I am very thankful for His spirit and how seemingly inconsequential decisions taken on a whim turn out to be divinely orchestrated and arranged for my benefit.
I am thankful for my aloneness. The quality of it is all shades of awesome and it is highly gratifying.
I thank God for the girls. Their personality daily amuses me and makes me feel so good inside. I ask God’s blessings on them as always.
I thank God for HRN. He likes to argue about being HRS but we both know which he is. Nuff said.
I thank God for my workshop. Such a grand opportunity. I do not take it for granted at any time. And daily, I learn.
I thank God for too many things:
Life, healing and health.
The wonderful humans in my life who daily uphold and validate me.
The kindness I come across every single day without fail.
The great people within my very tiny circle. How that circle stays round, I will never be able to understand. They must be very nice people cos me…….. (er, nothing).
My real live friends who know diasefs and my online people who daily prove that friendship is not necessarily a contact sport.
My extended family who daily teach me to try to be better. I dey try.
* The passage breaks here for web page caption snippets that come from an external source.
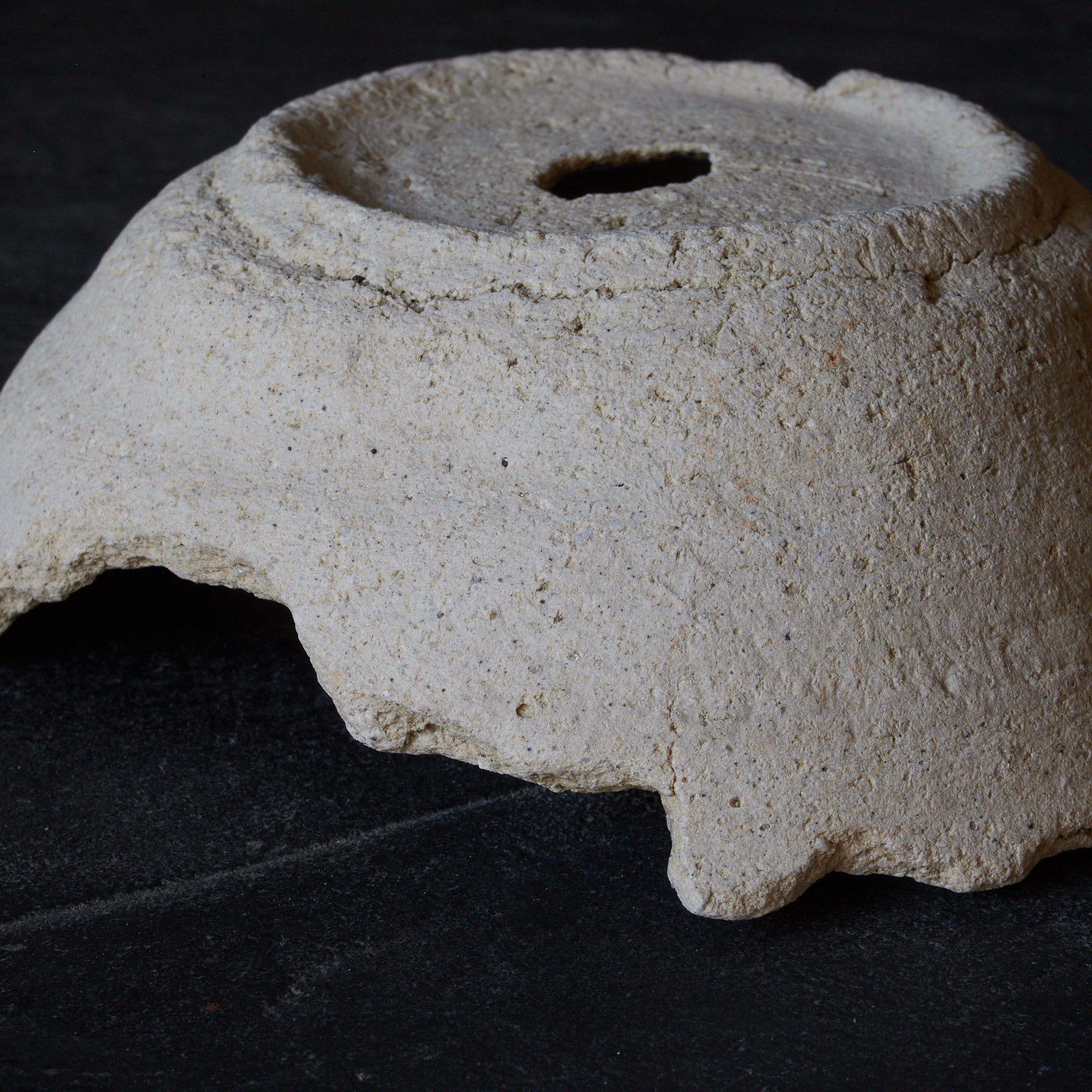 YAMACHAWAN(CUENCO DE MONTAÑA), Ko-Tokoname(fragmento), Período Heian(794–1185 d. C.)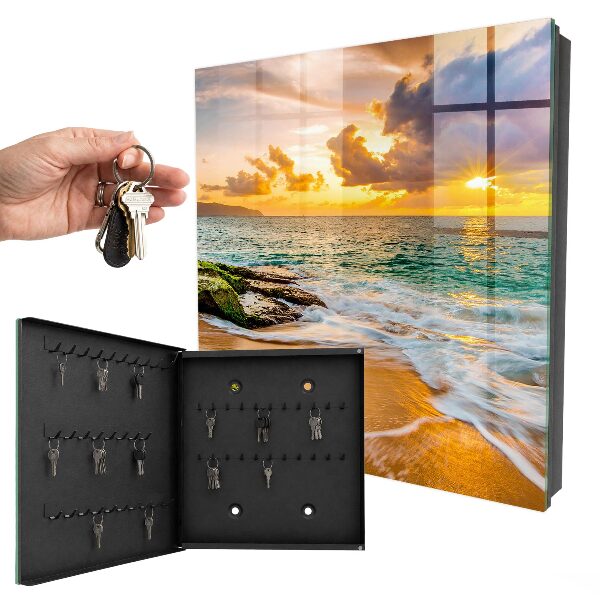 Key storage box Sunset
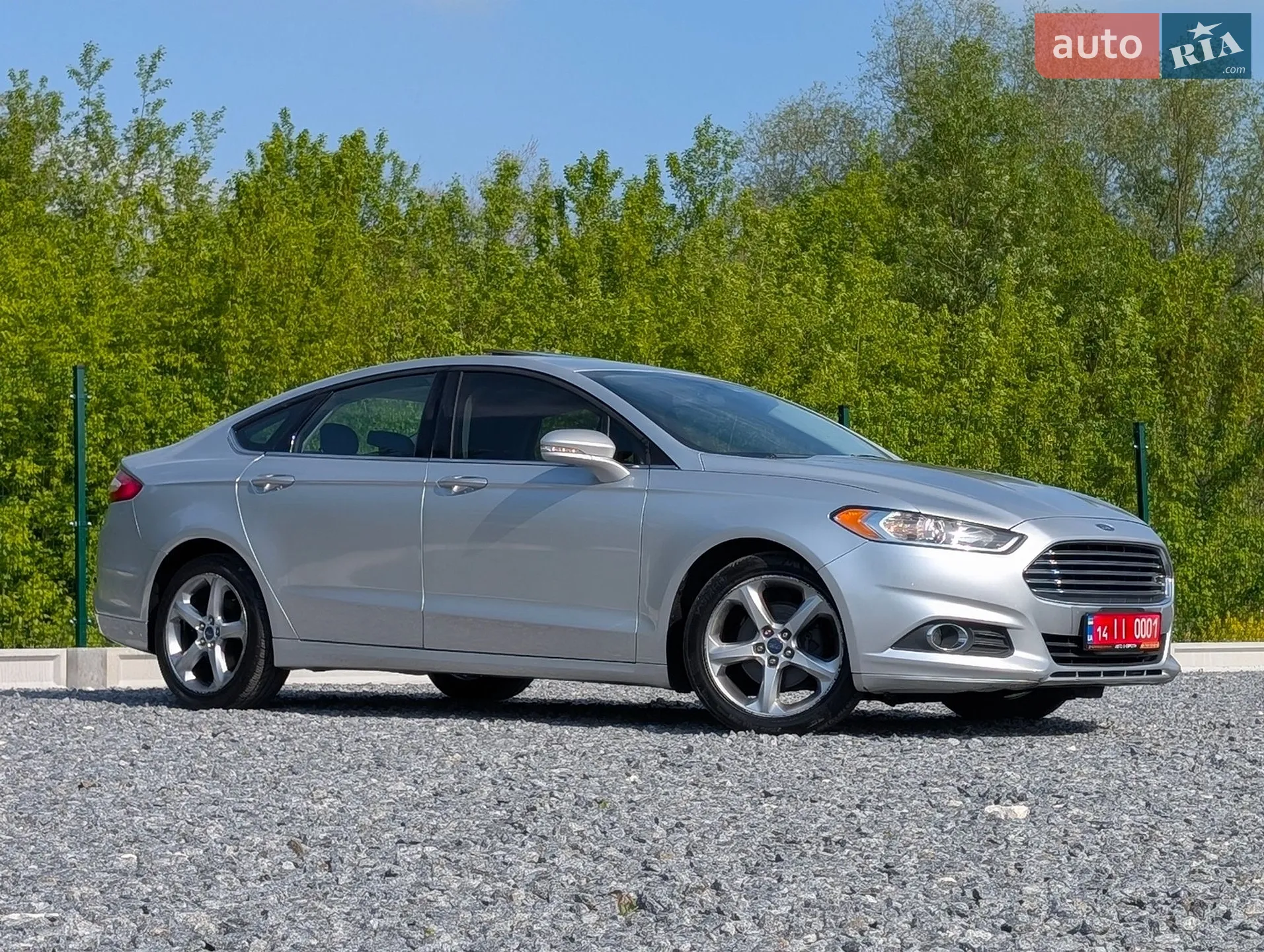 2015 Ford Fusion - мініатюра 12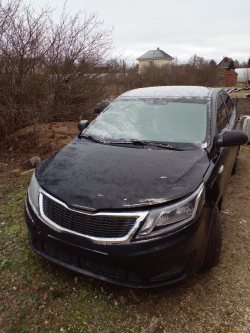 Автомобиль марки KIA модель Rio 2012 г.в., VIN-номер Z94CB41AACR050538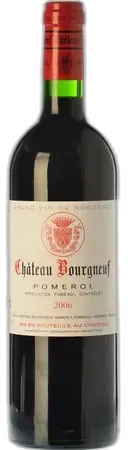 photo du vin Château Bourgneuf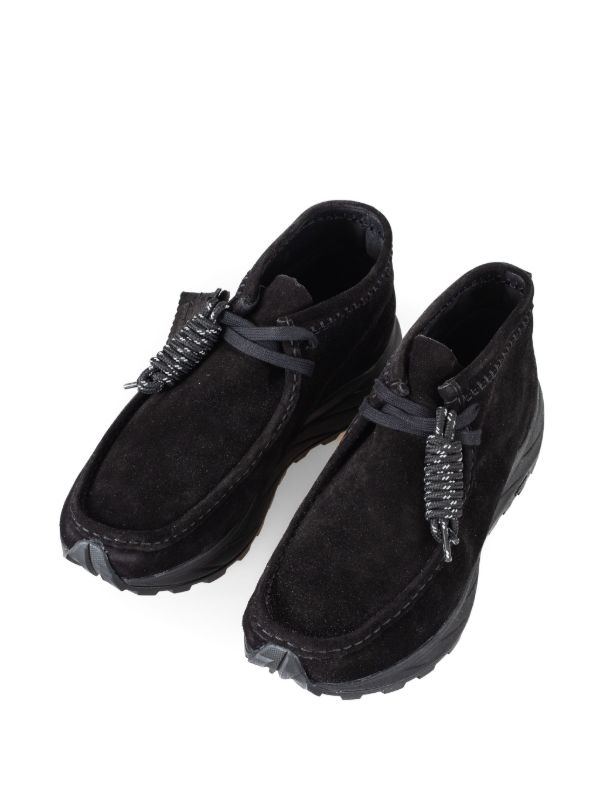 Clarks Originals Wallabee Edenブーツ | ブラック | FARFETCH JP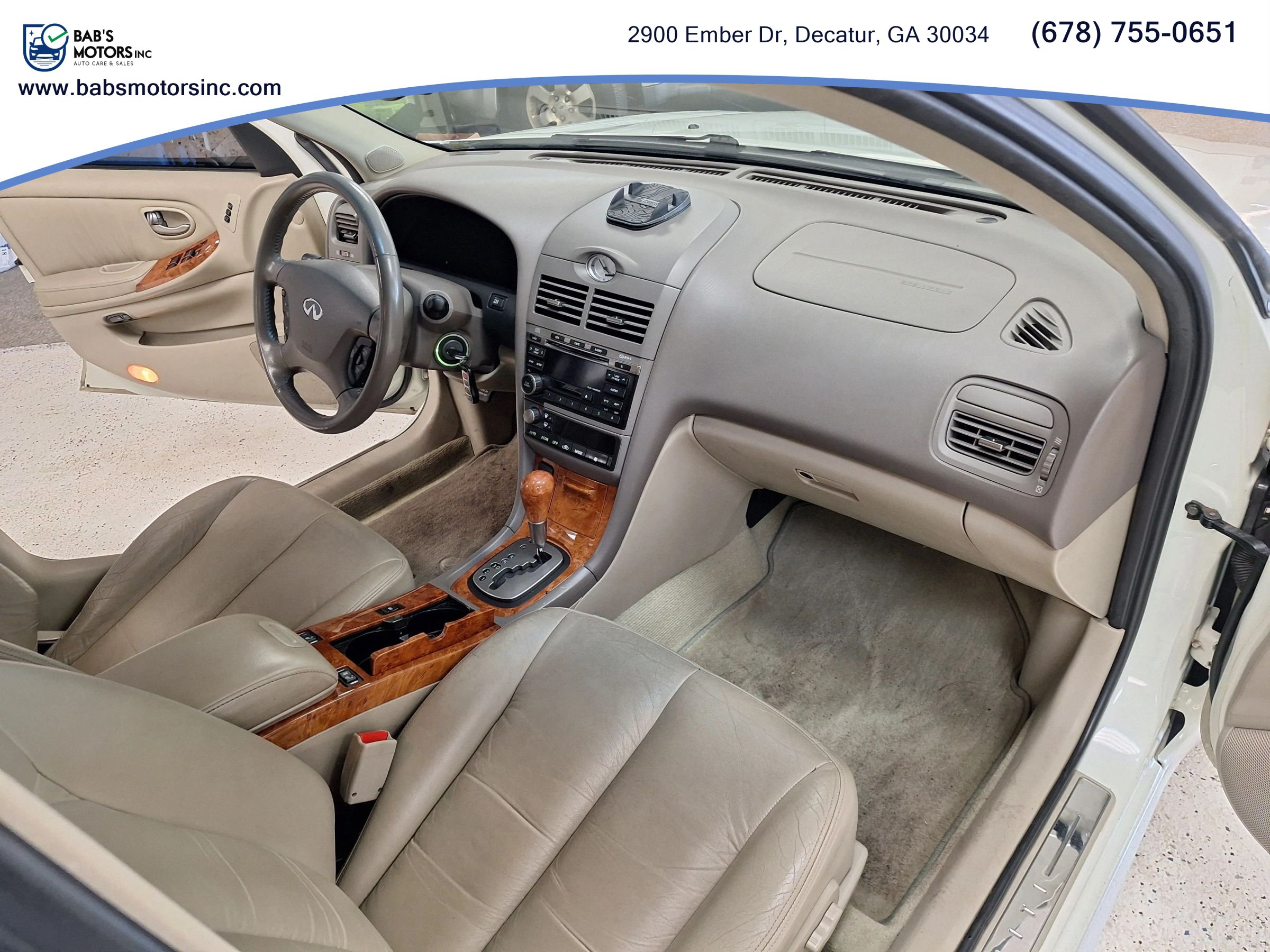 Used 2004 INFINITI I35 w/ Cold Weather Pkg FWD image 8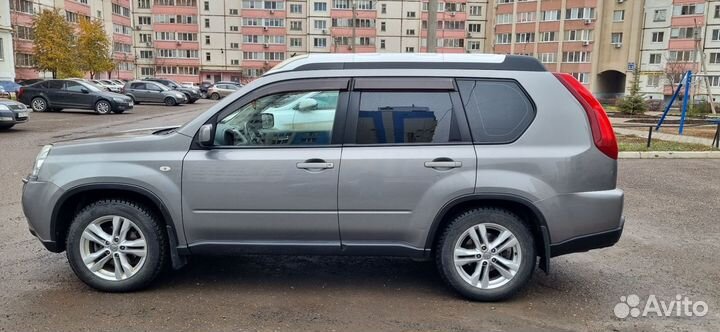 Nissan X-Trail 2.0 CVT, 2011, битый, 279 000 км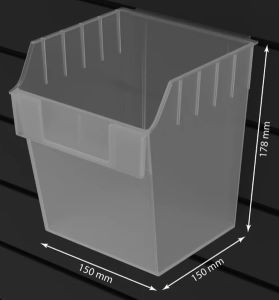 Storbox 030 - "Cube" Clear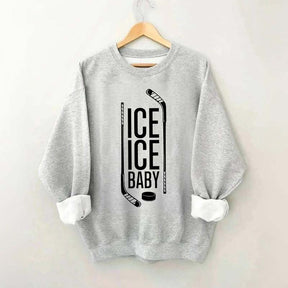 Funny Ice Hockey Sweatshirt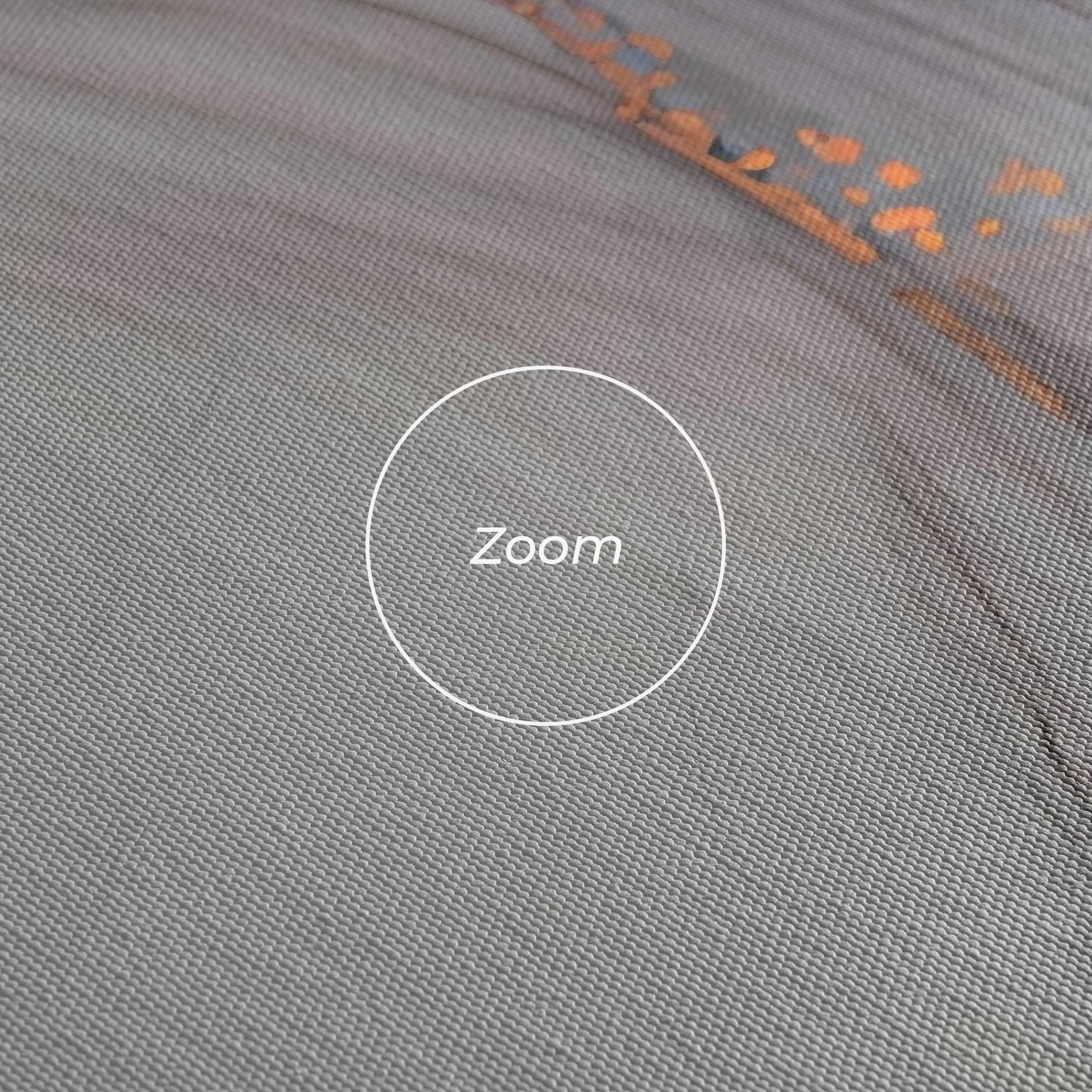 Картина на платно Grey Pink Liquid Marble mockup 3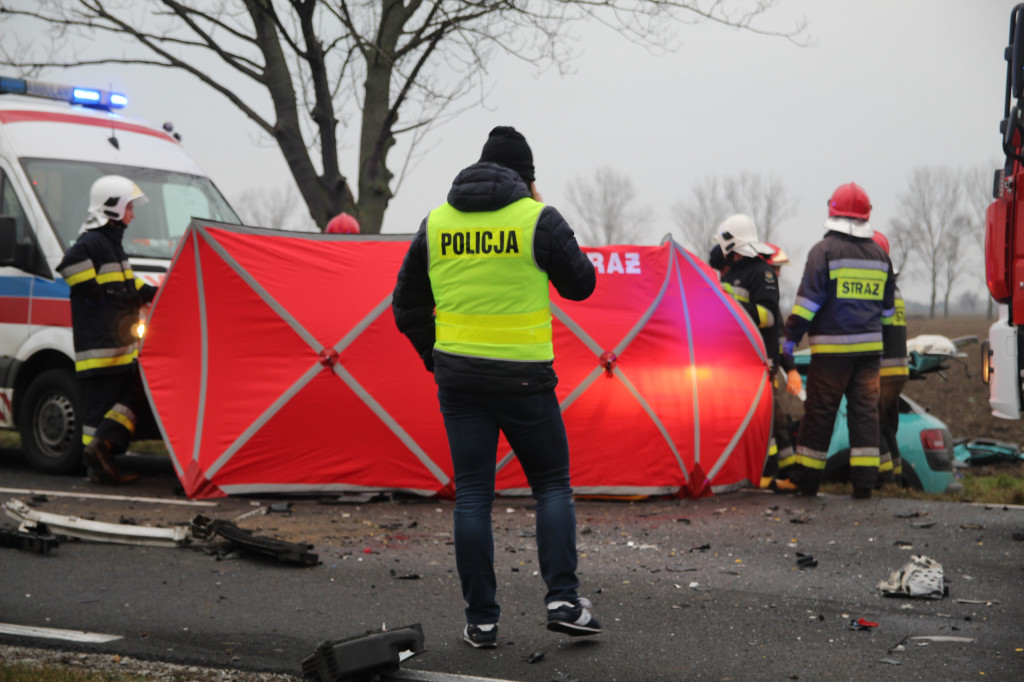 Śmiertelny wypadek na wojewódzkiej 434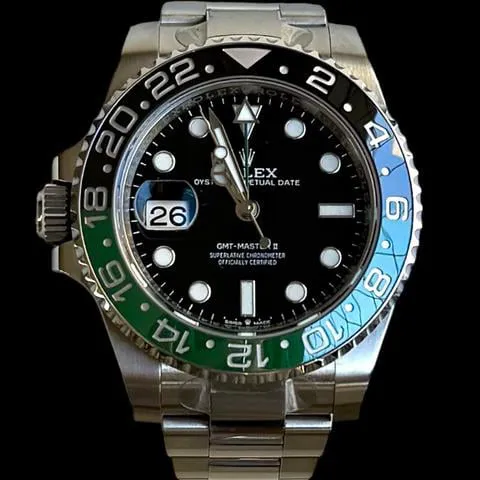 Rolex GMT-Master II 126710VTNR Stainless steel Black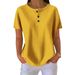 Fashionable Round Neck Waffle 2026 Summer Solid Color Loose Casual Hoodie_ecoleips.com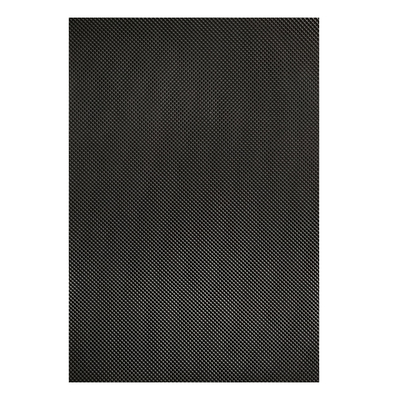 Fabrieksprijs 1,8 mm 2,0 mm zwart diamant patroon pvc transportband loopband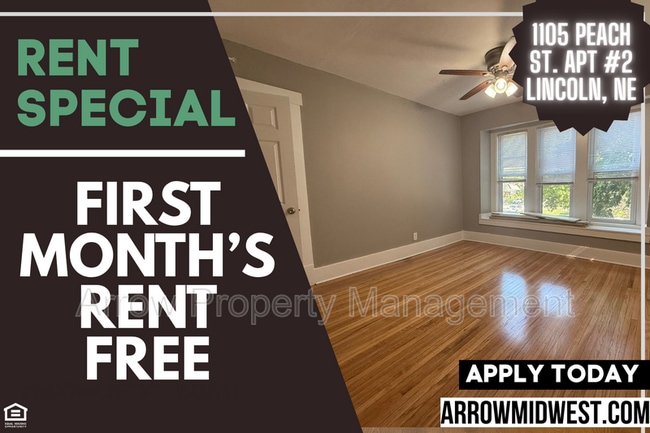 property at 1105 Peach St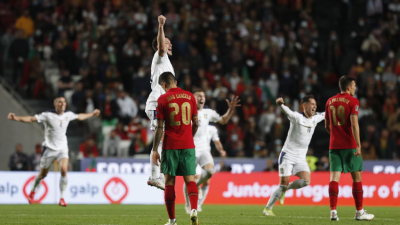 Serbia venció a Portugal que podría quedar fuera del Mundial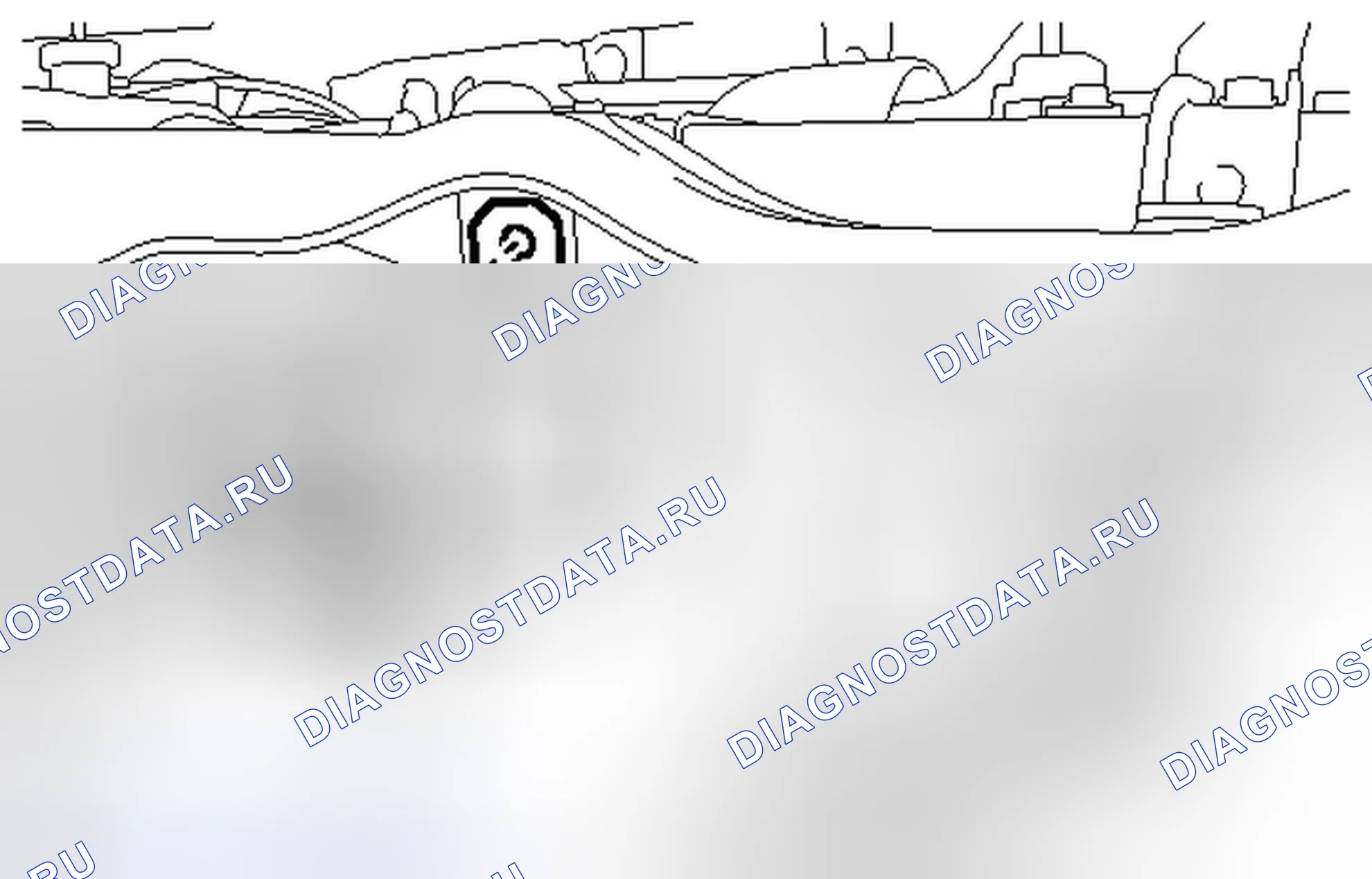 Рис. 14: ДЕМОНТАЖ. Toyota RAV4 III рестайлинг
I am thankful that I learnt that relying on someone shouldn’t hurt. If it does, it may not be cos of you. Maybe they are not worthy of your faith in them. And that may be why they could not step up. And that is okay.
I am thankful that I have never lacked any good thing. Not at any time.
Looking back, I see how all I have ever learned was leading me to here, now and I am so thankful for the hand that guides me and its seeing eye.